▶ _What to work on_
What you should give back is a precise copy of the lines below from the one containing "Breeze 65cm Matte White Bar Stool - Natural" through the one containing "Mod 5 Lesson", with no pictures.

▶ _Available data_
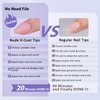 BTArtbox XCOATTIPS Natural Nail Tips -Short Almond Press On Nails Pink, Long Lasting Soft Gel Nails False Nail, Soak Off Acrylic Fake Nails Extensions for Nail Art DIY Spring Gifts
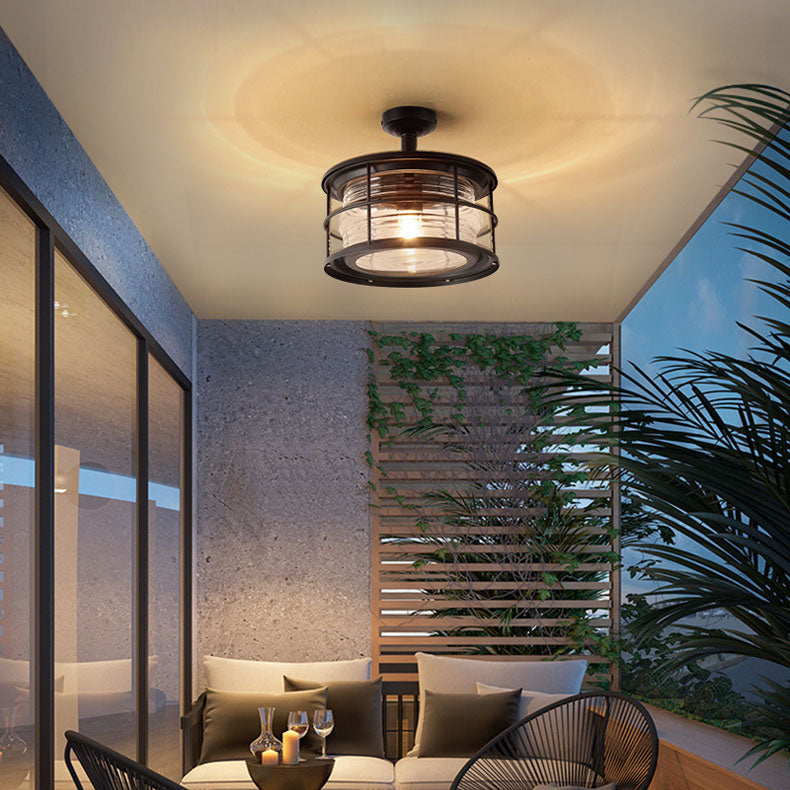 Industrial Vintage Drum Outdoor Ceiling Light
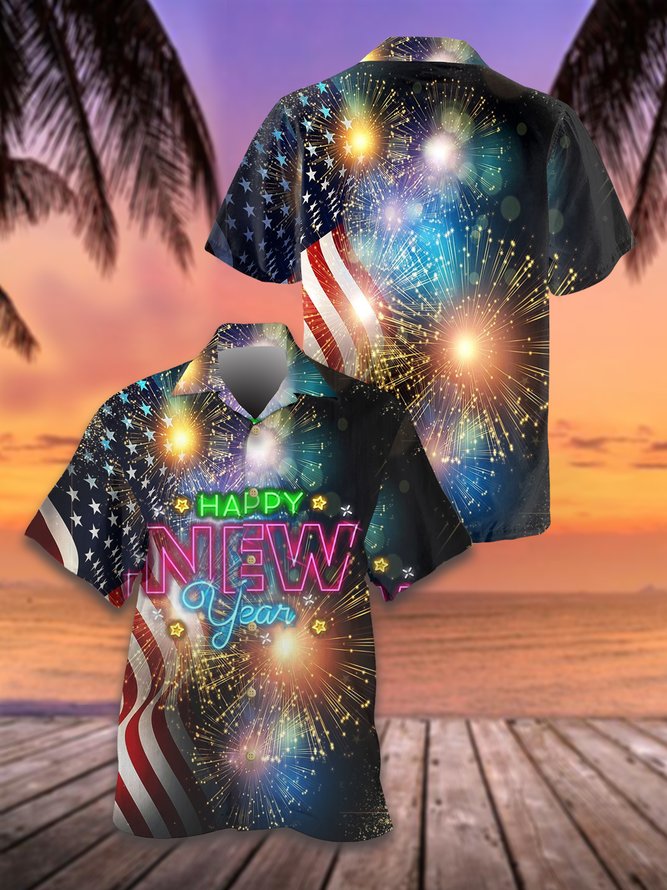 New Year Fireworks Loose Short Sleeve Shirt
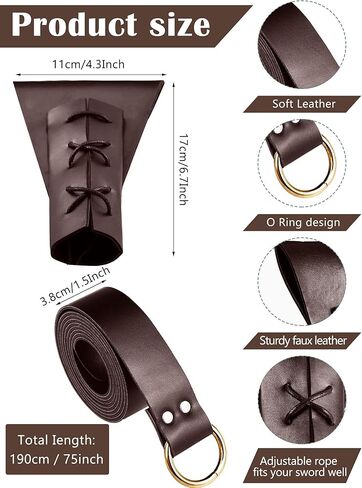 Janmercy 4 قطع من العصور الوسطى وعصر النهضة حامل السيف وحزام المبارزة والسيف للأطفال زي حامل السيف الجلدي لحفلات الهالوين in Kuwait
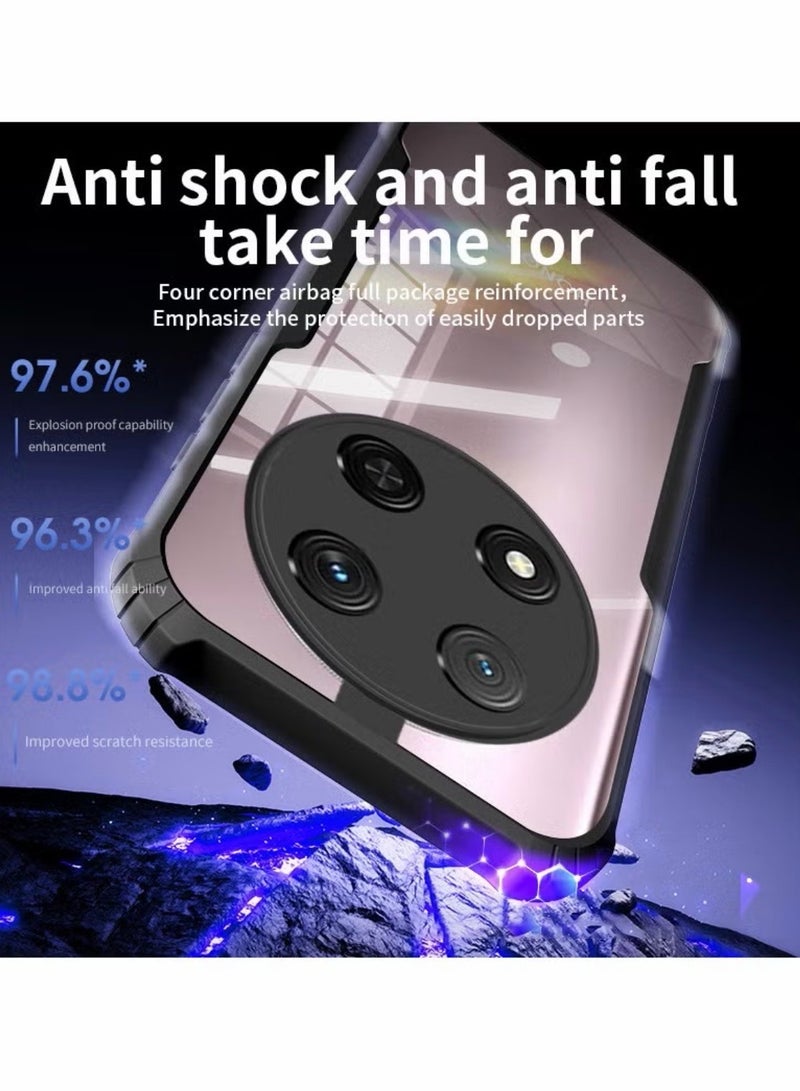 Xundo Clear Case for Honor X9C 5G | Premium Rugged | Durable Shock-absorbing Frame | Black Border | Thermoplastic Polyurethane | Airbag Anti-drop Protection - Clear - Image 2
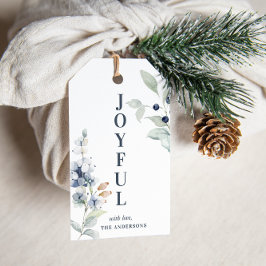 Frosty Winter Foliage Glatt jul-Helgdag Presentetikett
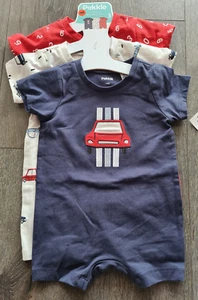 Boys Car Theme Rompers 3 Pack - 9 Months - Foto 1 di 5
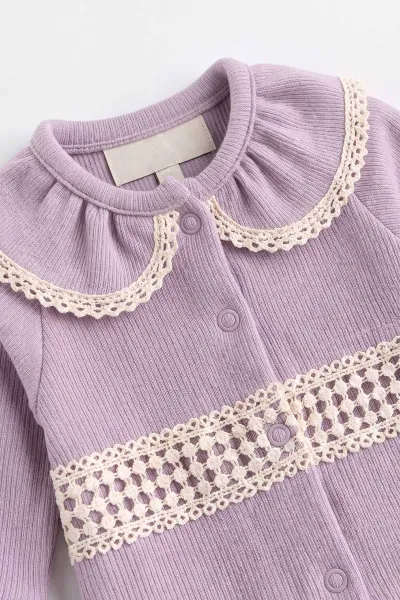 Mürdüm (0-9 Ay)  Fisto Yakalı  Waffle Kumaş Çıtçıtlı Şapkalı Kız Bebek Tulum 486978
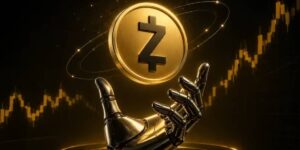 Robotic hand reaching toward a gold cryptocurrency coin above a rising price chart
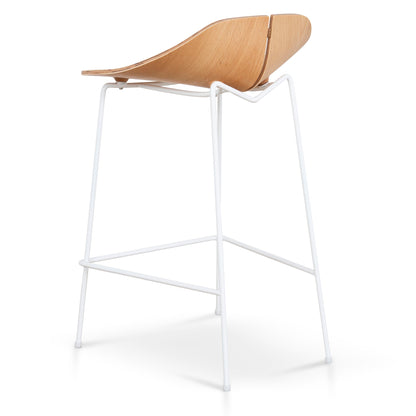 Breeze 65cm Matte White Bar Stool - Natural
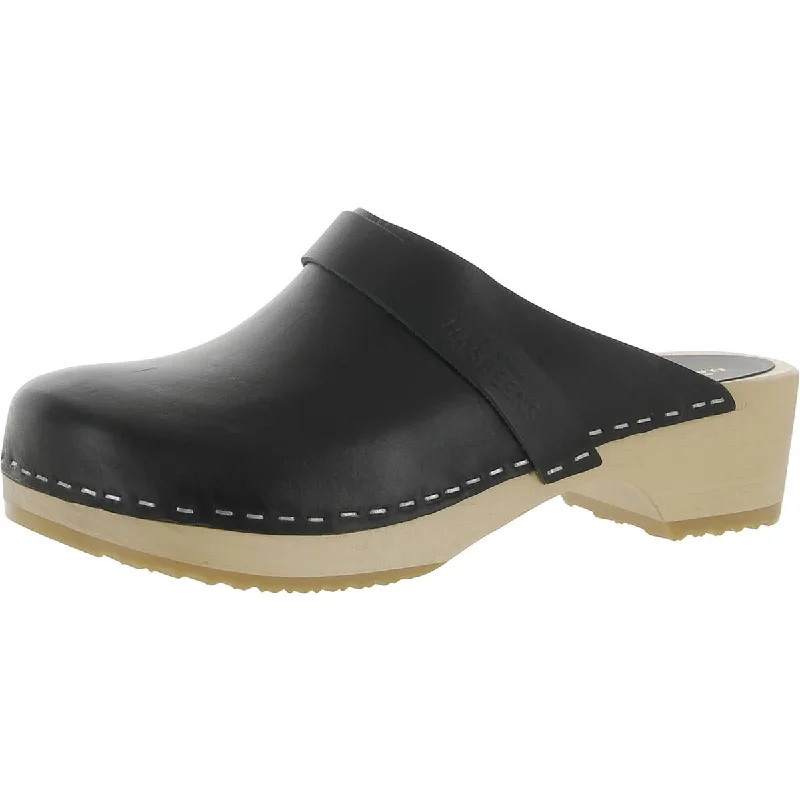 Swedish Hasbeens Womens Swedish Husband Leather Slip-On Clogs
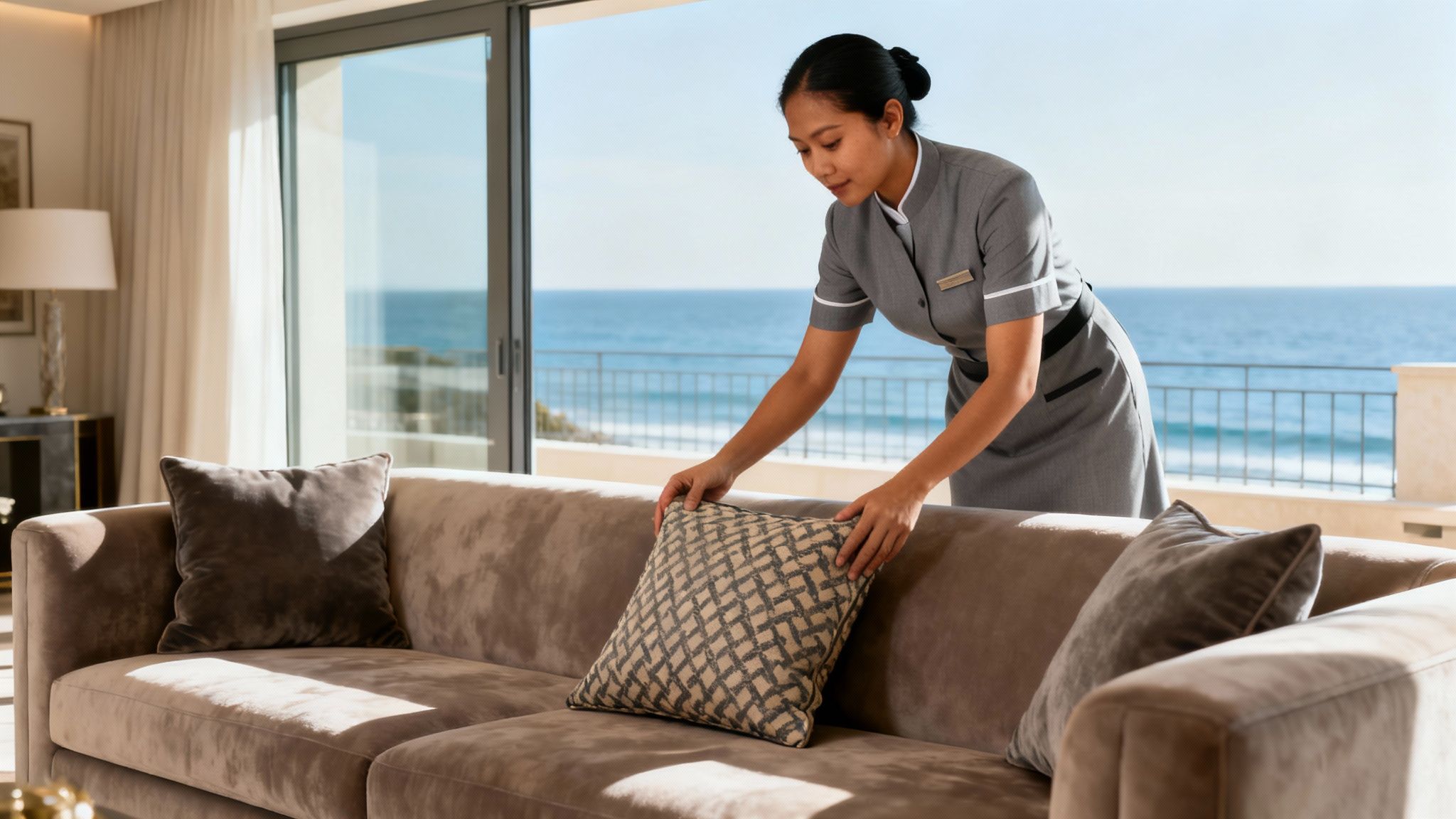 Migliore agenzia colf Rimini: domestica filippina in uniforme in un salone di lusso con vista mare, servizio impeccabile.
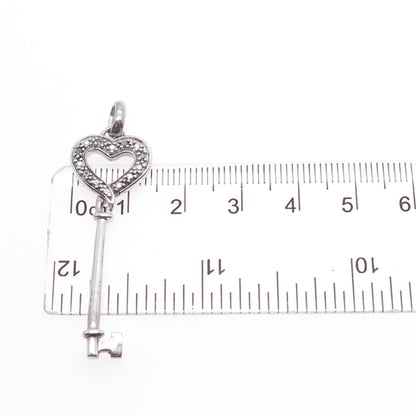 925 Sterling Silver Real Round-Cut Diamond Heart Key Charm Pendant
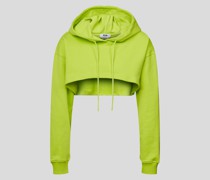 Cropped Hoodie mit Label-Detail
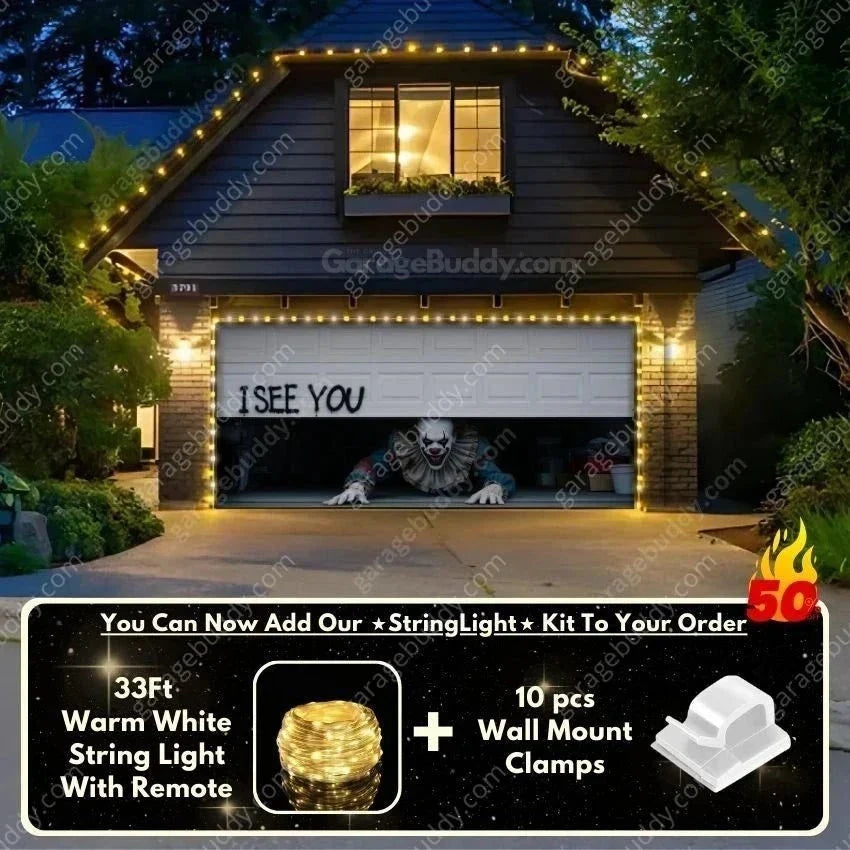 Peeking Clown Garage Door Cover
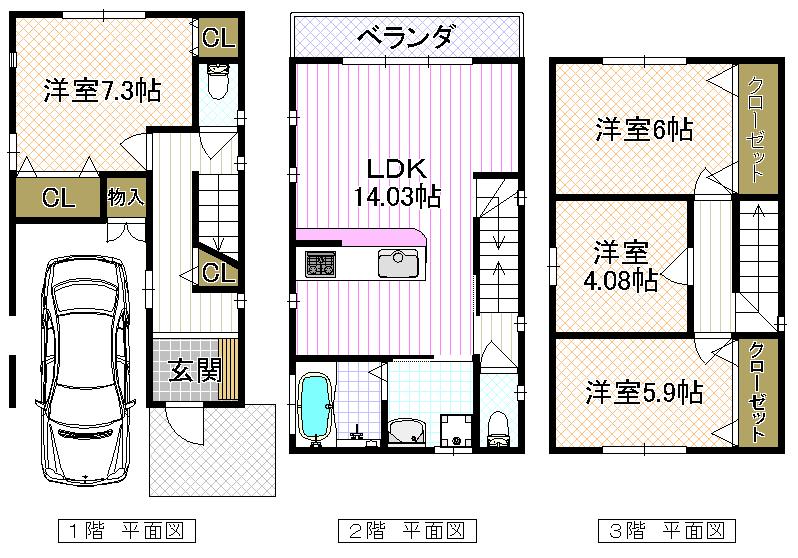 Floor plan. 22.6 million yen, 4LDK, Land area 58.99 sq m , Building area 108.55 sq m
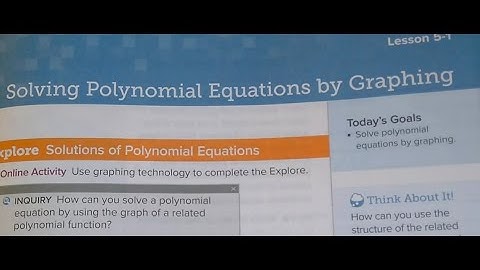 Mod 5 Lesson 1 Solving Polynomial Equations by Graphing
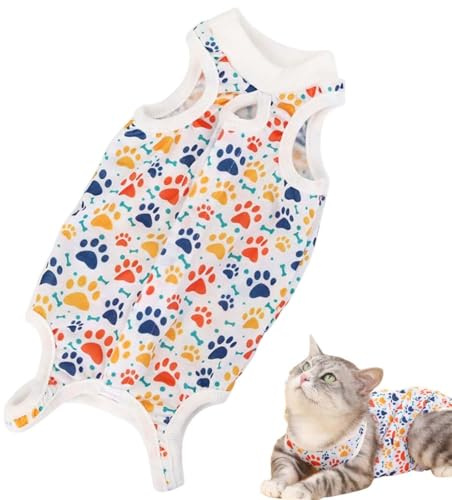 Body postoperatorio para gatas, traje postoperatorio para gatas, traje postoperatorio para heridas abdominales o enfermedades de la piel para 4-7 kg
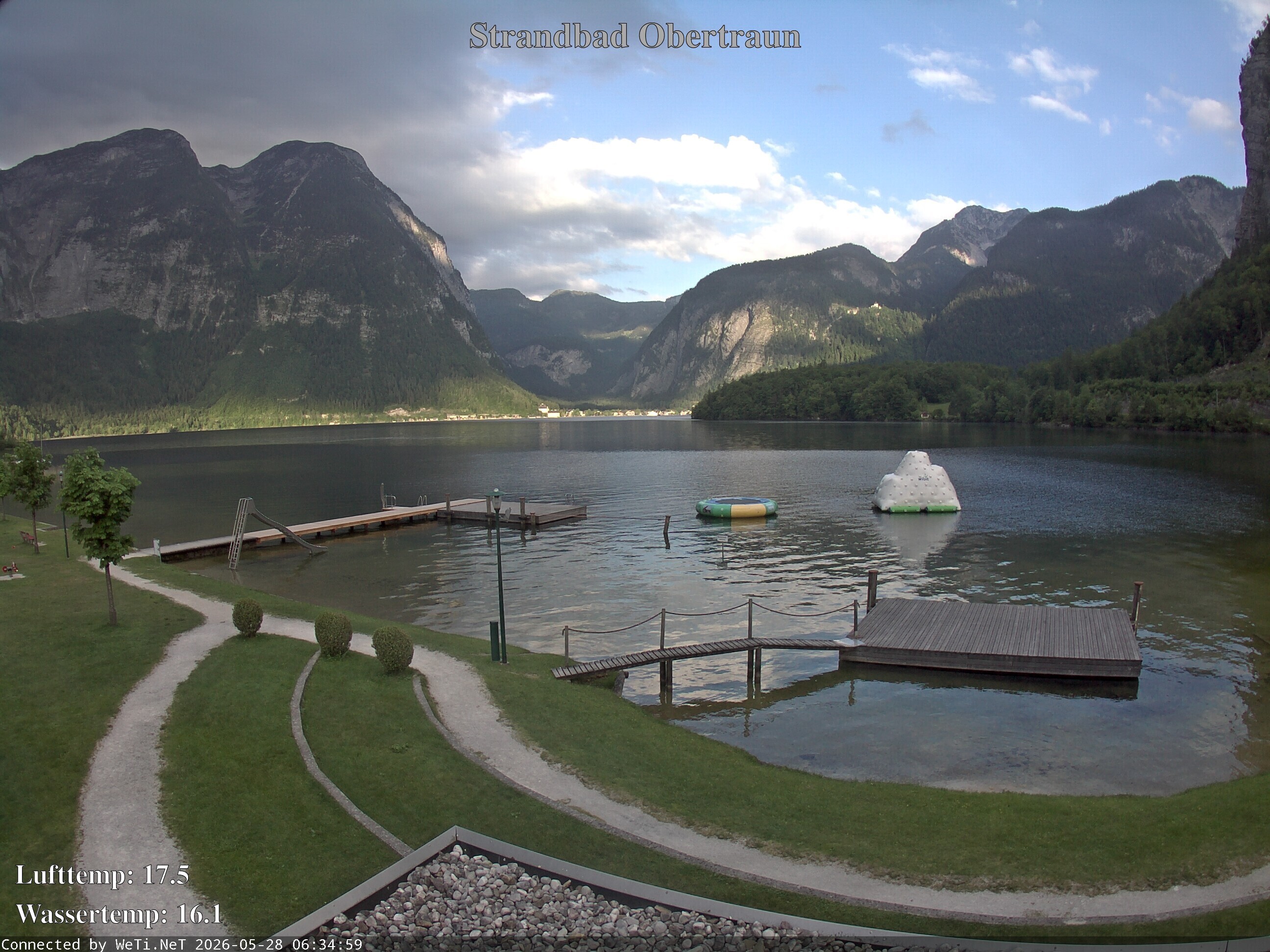 Archiv Foto Webcam Hallstätter See: Strandbad Obertraun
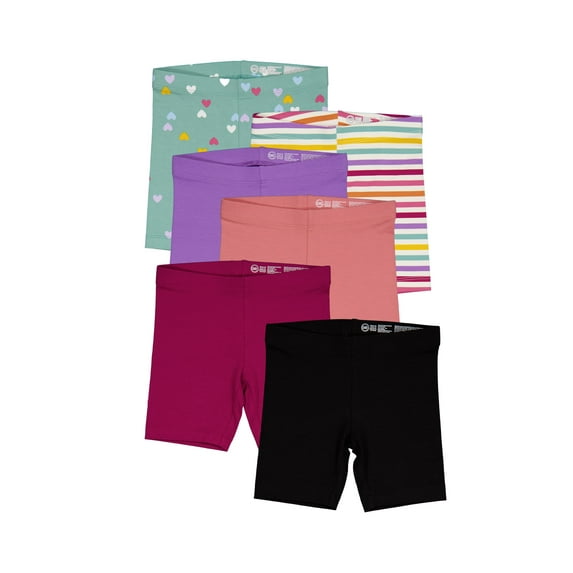 Wonder Nation Girls Bike Short, 6-Pack, Sizes 4-18 & Plus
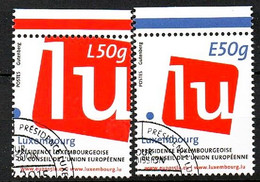 LUXEMBOURG, LUXEMBURG 2015,SERIE MI 2056-2057, PRESIDENCE CONSEIL UNION EUROPEENNE ESST GESTEMPELT,OBLITERE - Used Stamps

▶ _Response for this exercise_
 Breeze 65cm Matte White Bar Stool - Natural
 Swedish Hasbeens Womens Swedish Husband Leather Slip-On Clogs
 Migliore agenzia colf Rimini: domestica filippina in uniforme in un salone di lusso con vista mare, servizio impeccabile.
 925 Sterling Silver Real Round-Cut Diamond Heart Key Charm Pendant
 Cropped Hoodie mit Label-Detail
 Peeking Clown Garage Door Cover
 Floor plan. 22.6 million yen, 4LDK, Land area 58.99 sq m , Building area 108.55 sq m
 Mod 5 Lesson 1 Solving Polynomial Equations by Graphing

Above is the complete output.